● **Assignment**
Restate all entries exactly. Skip the images.

*-*-*

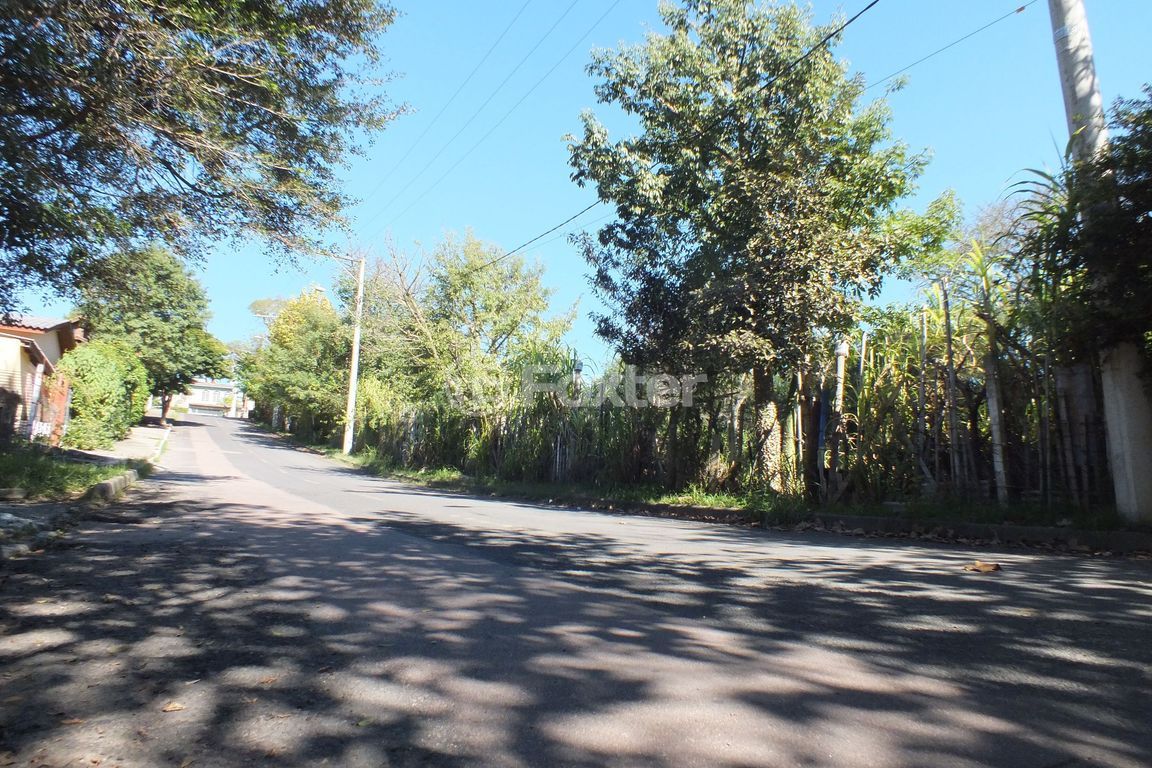 terreno lote condominio para comprar em General Rondon, 1522 - foto 7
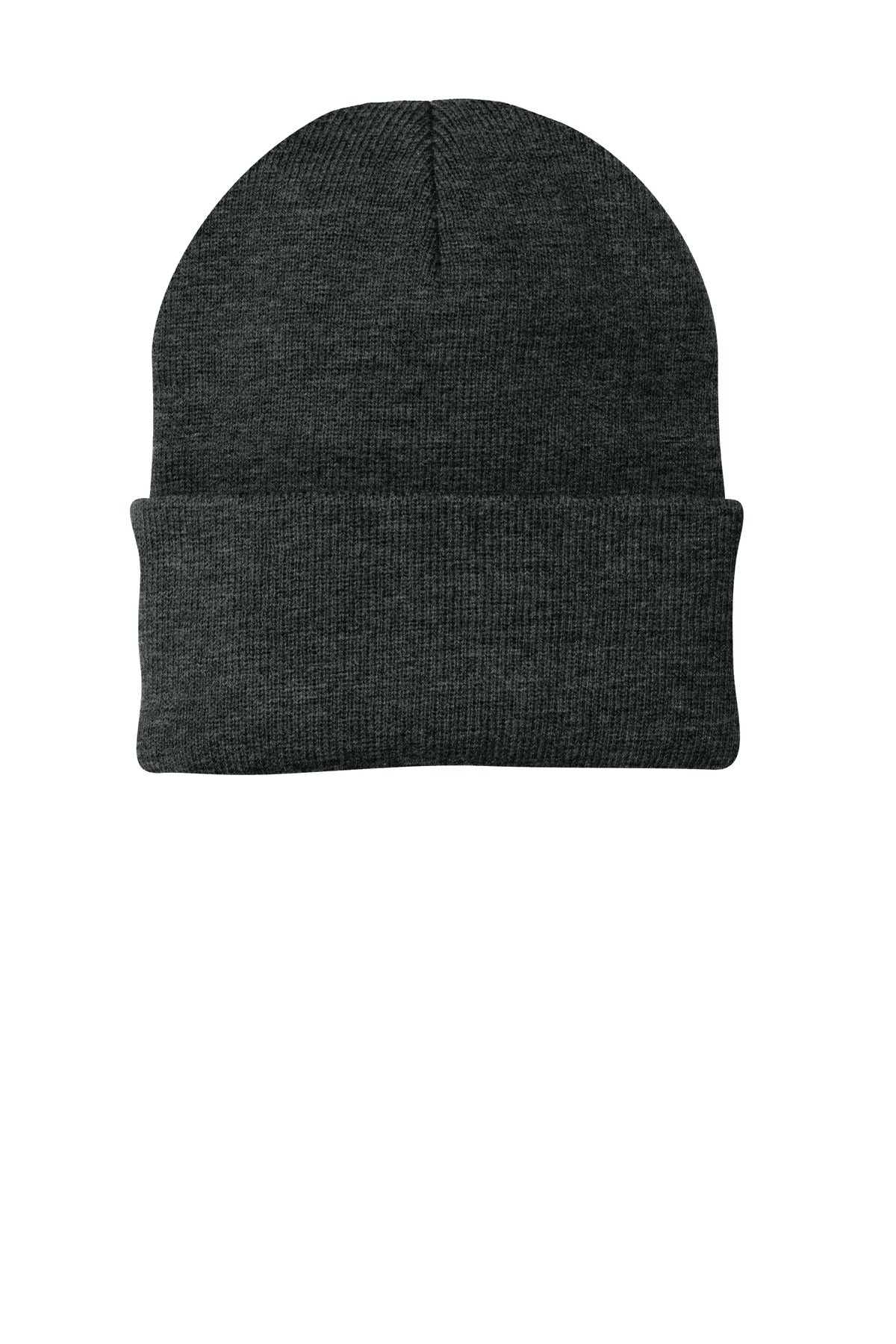 Port & Company ® Knit Cap.  CP90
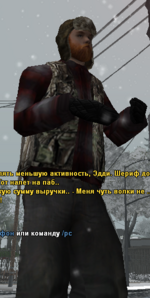 1736692178912.png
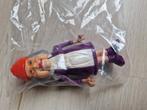 1988 granny gross haunted humans the real ghostbusters, Ophalen of Verzenden, Zo goed als nieuw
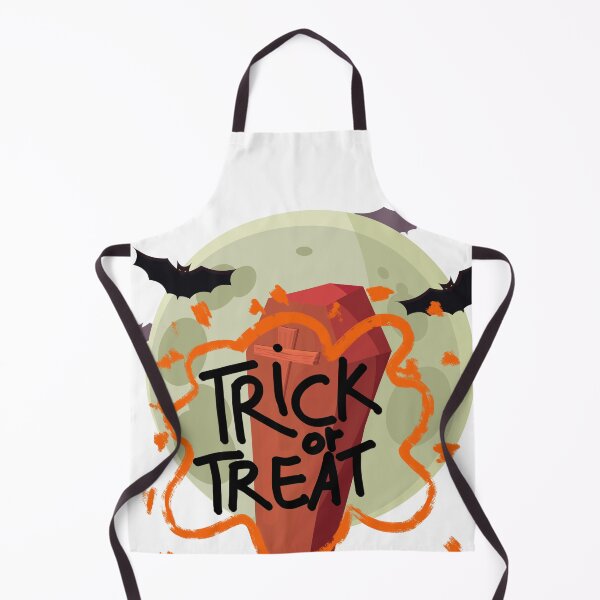 Artikelvorschau, Süßes oder Saures 31. Oktober Halloween Boo Kürbiskopf entworfen und verkauft von ABDFRTRENDS ⭐⭐⭐⭐⭐.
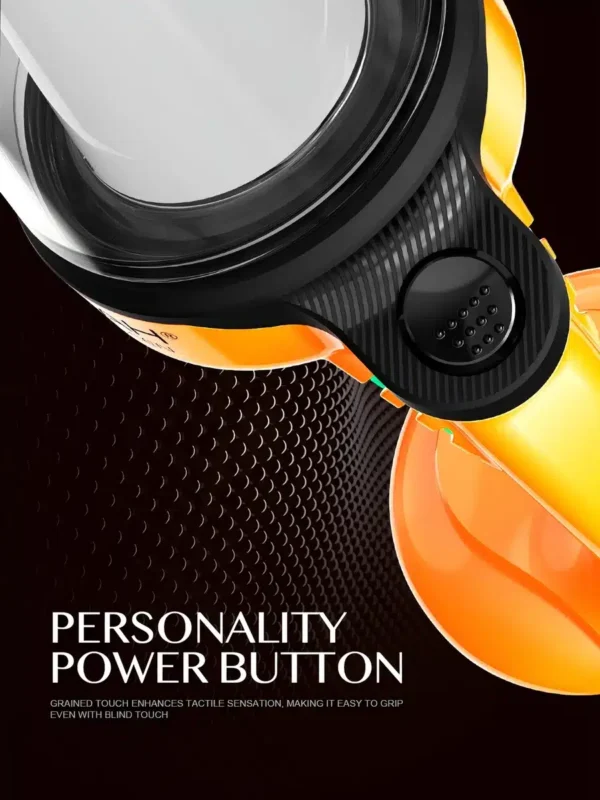 Epic Wholesale - Lookah Vapes Epic Wholesale - Lookah Vapes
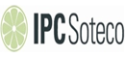 ipc-125x58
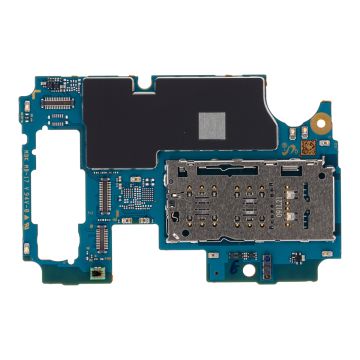 Samsung Galaxy A50 SM-A505 Moderkort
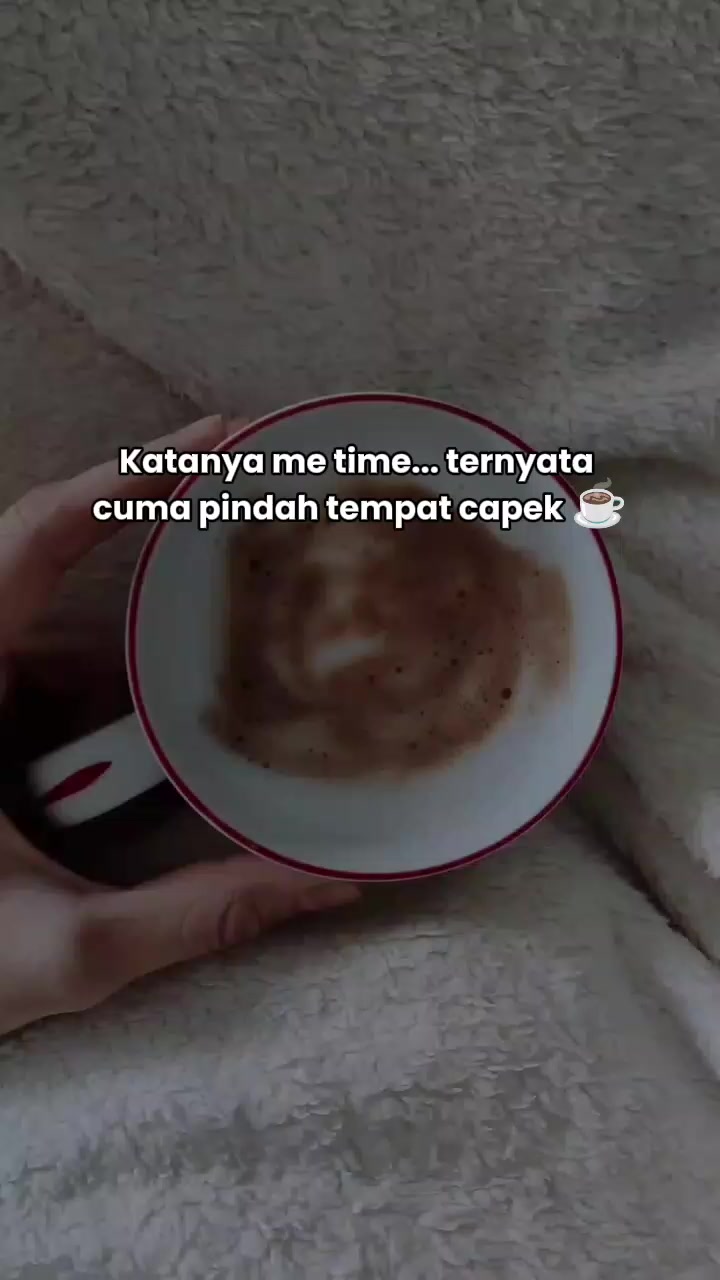 @mentarii17
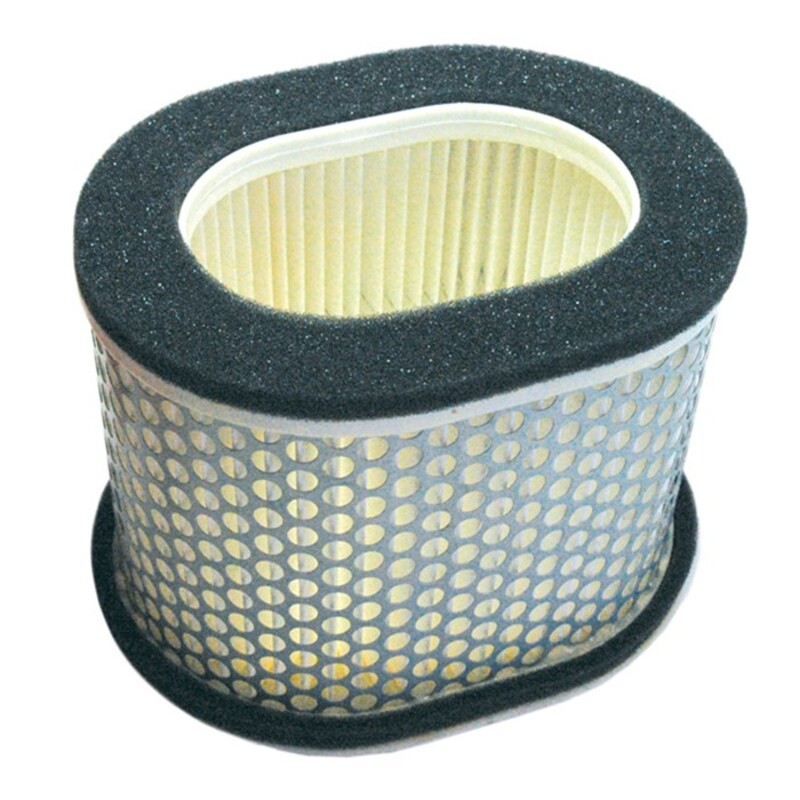 Filtro de aire TECNIUM Yamaha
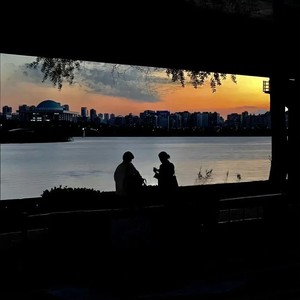 七秒钟的记忆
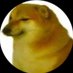 fellps (@fellpsfps) Twitter profile photo fellps (@fellpsfps) Twitter profile photo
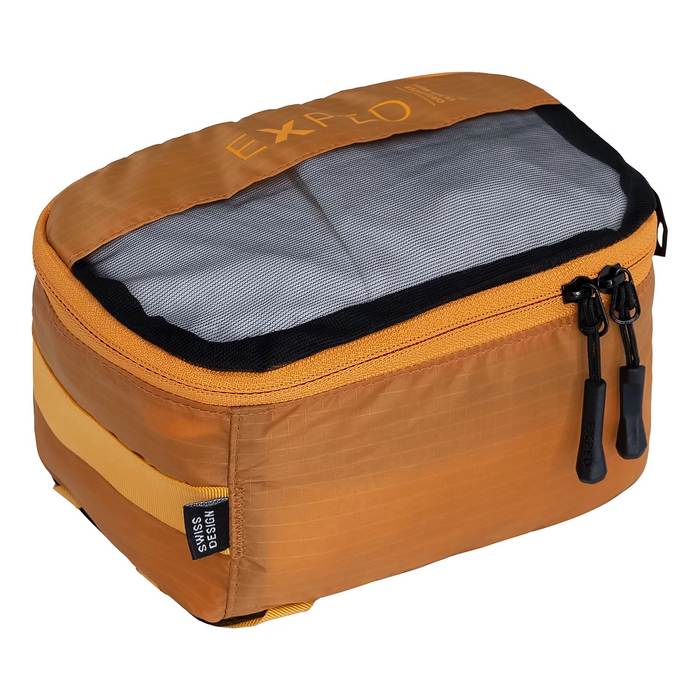 Exped Organizer Ultra Mesh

*-*-*

● **Task response**
 terreno lote condominio para comprar em General Rondon, 1522 - foto 7
 Port & Company ® Knit Cap.  CP90
 1736692178912.png
 1988 granny gross haunted humans the real ghostbusters, Ophalen of Verzenden, Zo goed als nieuw
 Artikelvorschau, Süßes oder Saures 31. Oktober Halloween Boo Kürbiskopf entworfen und verkauft von ABDFRTRENDS ⭐⭐⭐⭐⭐.
 Epic Wholesale - Lookah Vapes Epic Wholesale - Lookah Vapes
 ipc-125x58
 Samsung Galaxy A50 SM-A505 Moderkort
 @mentarii17
 Filtro de aire TECNIUM Yamaha
 七秒钟的记忆
 fellps (@fellpsfps) Twitter profile photo fellps (@fellpsfps) Twitter profile photo
 Exped Organizer Ultra Mesh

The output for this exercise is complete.